You are viewing a plain text version of this content. The canonical link for it is here.
Posted to user@cassandra.apache.org by Roland Hänel <ro...@haenel.me> on 2010/04/26 10:27:46 UTC

Can Cassandra make real use of several DataFileDirectories?

I have a configuration like this:

  <DataFileDirectories>
      <DataFileDirectory>/storage01/cassandra/data</DataFileDirectory>
      <DataFileDirectory>/storage02/cassandra/data</DataFileDirectory>
      <DataFileDirectory>/storage03/cassandra/data</DataFileDirectory>
  </DataFileDirectories>

After loading a big chunk of data into cassandra, I end up wich some 70GB in
the first directory, and only about 10GB in the second and third one. All
rows are quite small, so it's not just some big rows that contain the
majority of data.

Does Cassandra have the ability to 'see' the maximum available space in
these directory? I'm asking myself this question since my limit is 100GB,
and the first directory is approaching this limit...

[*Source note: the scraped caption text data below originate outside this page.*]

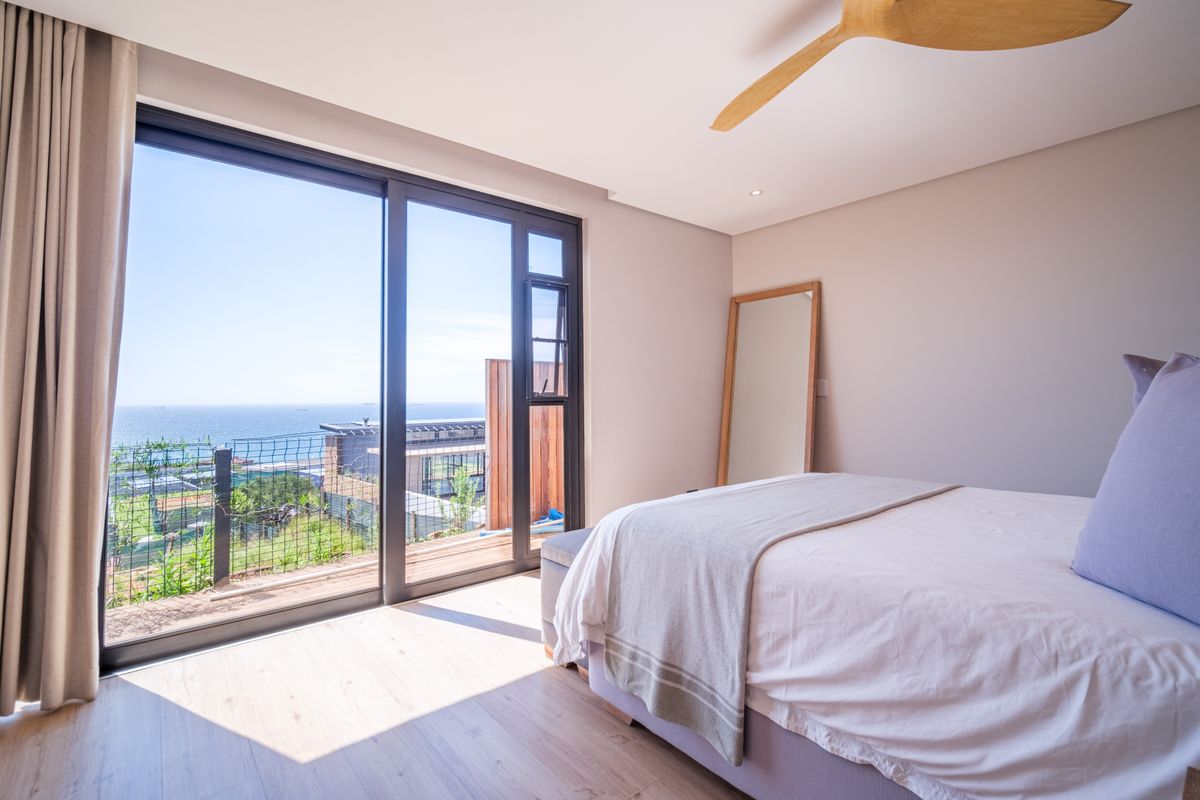 A bright, modern bedroom featuring light wood flooring, a ceiling fan, and large sliding glass doors that open to a scenic coastal view.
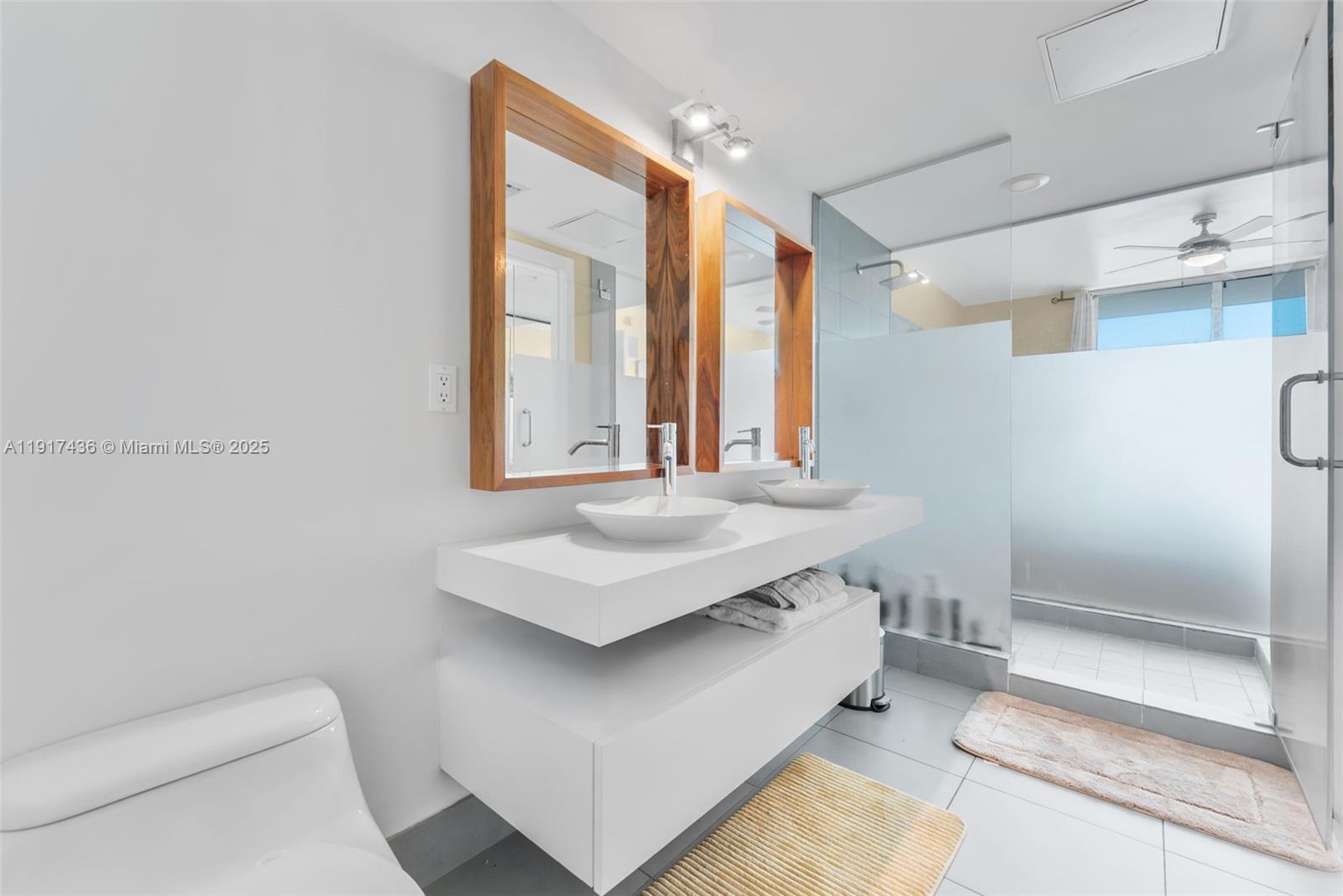 92 Southwest 3rd Street, Unit 3611 Miami, FL 33130 - Photo 16 of 18 a bathroom with a sink a toilet and a large mirror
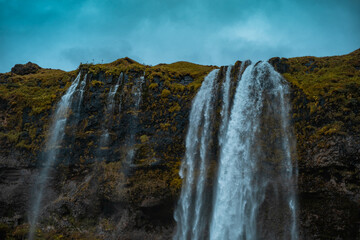 Kvernufoss a 30-meters high waterfall accessible via a rugged hiking trail in Iceland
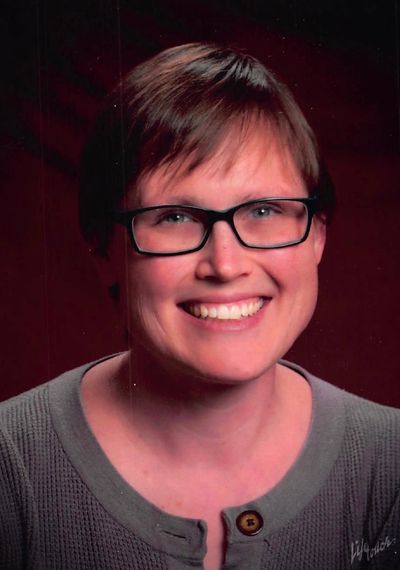 A smiling acupuncturist with short hair and glasses. 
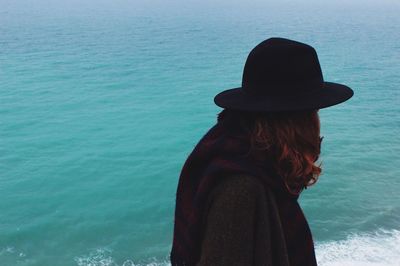 Woman standing by sea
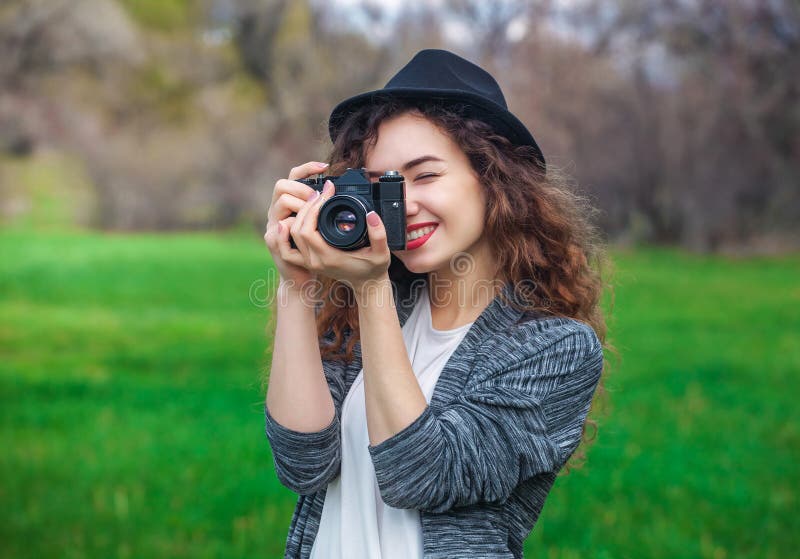 Den härliga flicka-fotografen med lockigt hår som rymmer en gammal kamera och, tar en bild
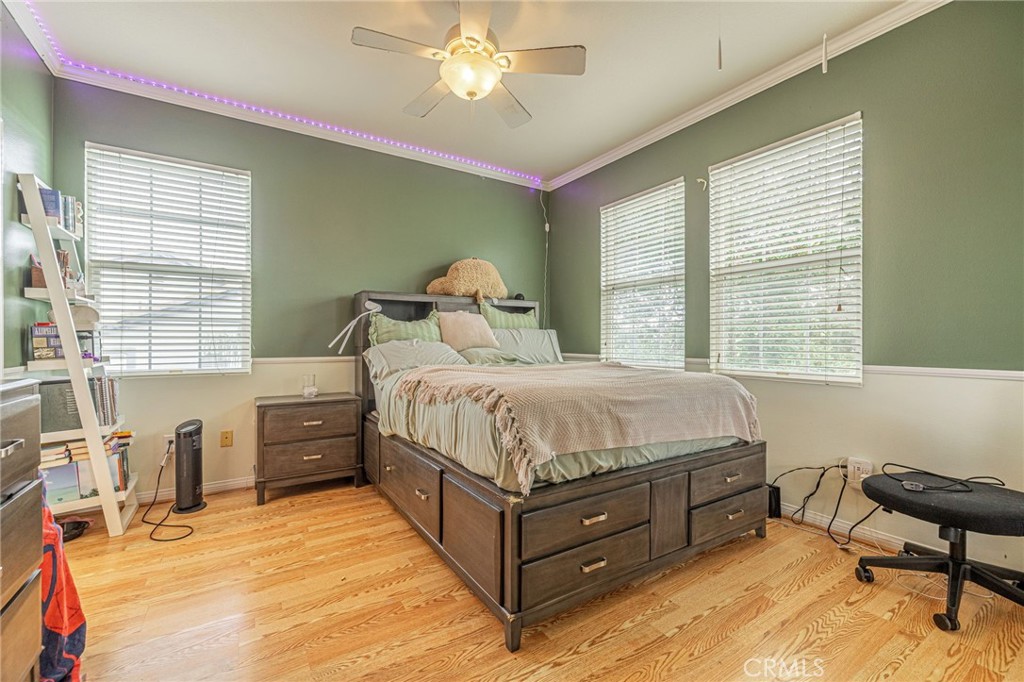 574 Oak Tree Court Simi Valley, CA 93065 - Photo 33 of 48 a bedroom with a bed and a chair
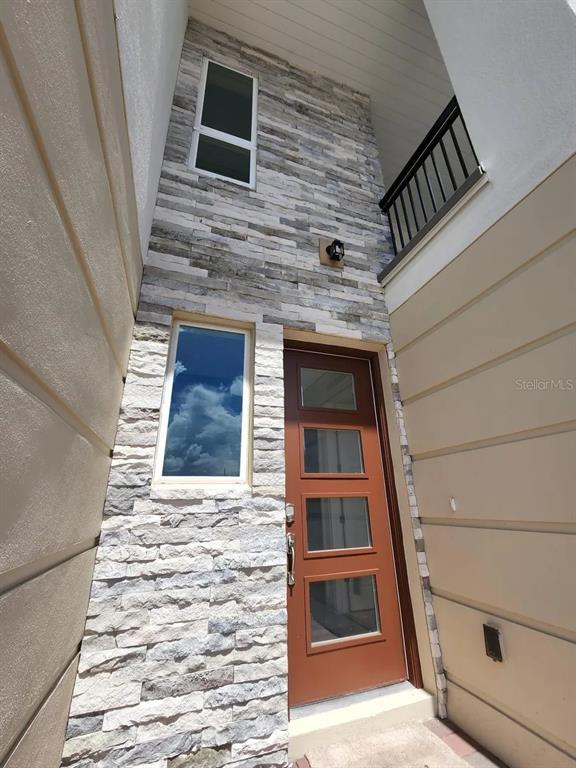 A modern entryway features a brown door with glass panels and a stacked stone facade — 13647 LARKTON LANE, ORLANDO, FL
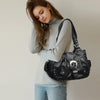 Eine Frau in grauem Rollkragenpullover und Jeans hält eine schwarze Vintage-Handtasche aus weichem Kunstleder.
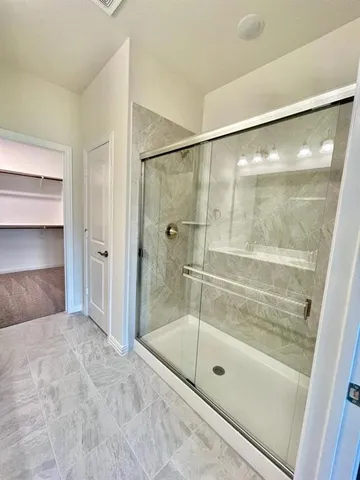 a bathroom with a glass shower door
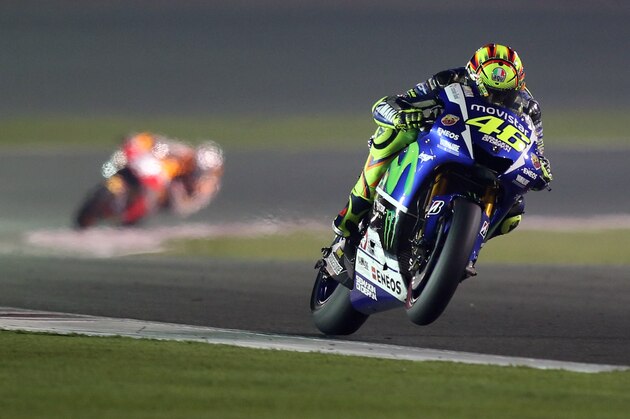 Italian MotoGP rider Valentino Rossi of the Movistar Yamaha MotoGP team steers his bike during a final session of the Moto GP World Championship at the Losail International Circuit in Doha, Qatar, Sunday, March 29, 2015. (AP Photo/Osama Faisal)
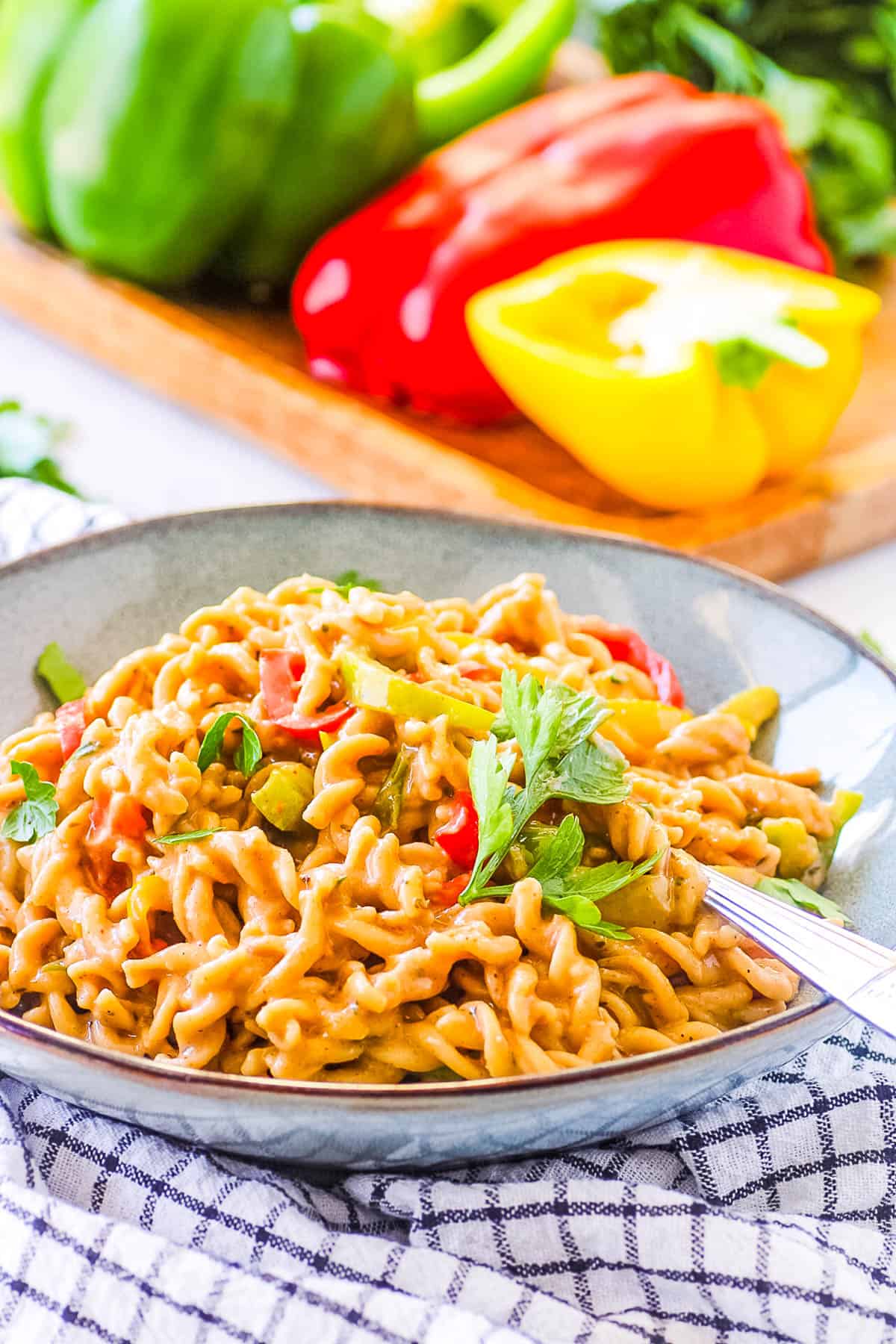 Vegan rasta pasta served in a blue bowl with a fork.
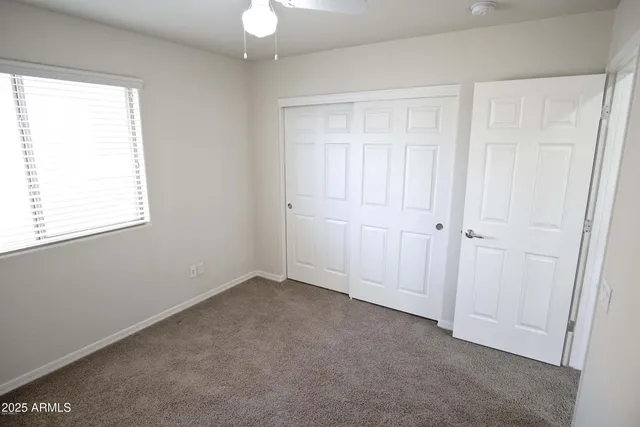 a bathroom with a toilet and a bathtub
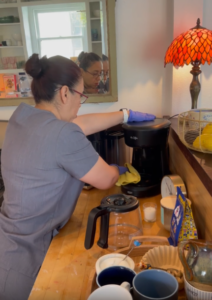 Housekeeper in uniform cleaning a black Mr. Coffee machine on a wooden kitchen counter with gloves on.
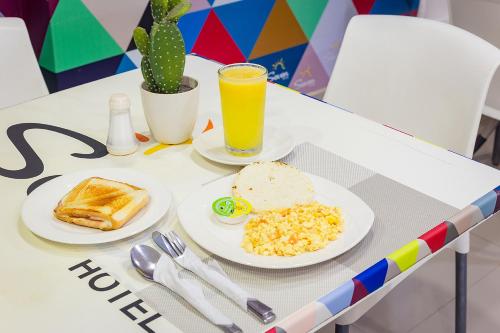 a table with plates of food and a glass of orange juice at Hotel Seven Monteria in Montería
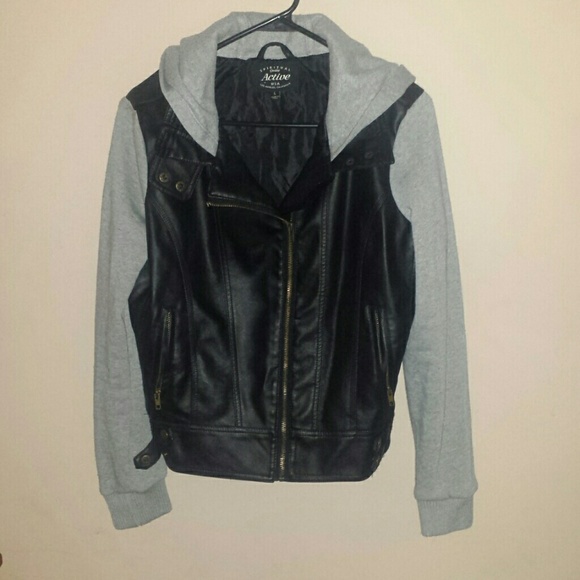 Jacket pleather with grey sleeves.
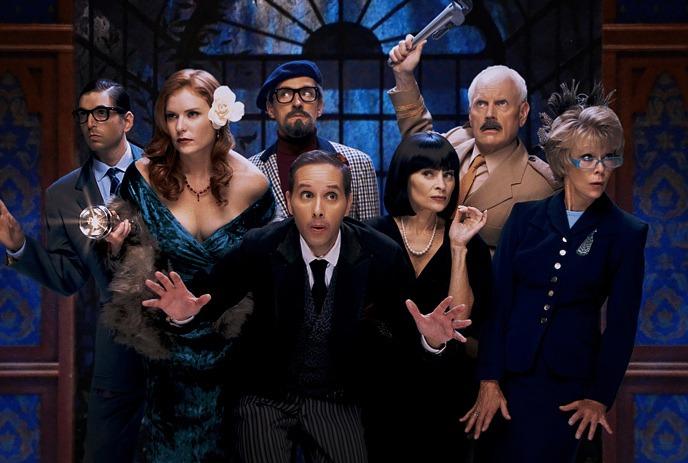 A lively group of seven people in costumes striking dramatic poses against a blue and wooden-themed backdrop.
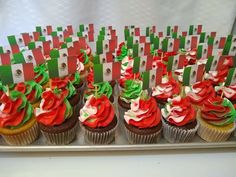 cupcakes decorated with red and green frosting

And, wouldn't it be better if Cassandra tried to 'load-balance' the files
inside the directories because this will result in better (read) performance
if the directories are on different disks (which is the case for me)?

Any help is appreciated.

Roland

Re: Can Cassandra make real use of several DataFileDirectories?

Posted by Roland Hänel <ro...@haenel.me>.
Thanks very much. Precisely answers my questions. :-)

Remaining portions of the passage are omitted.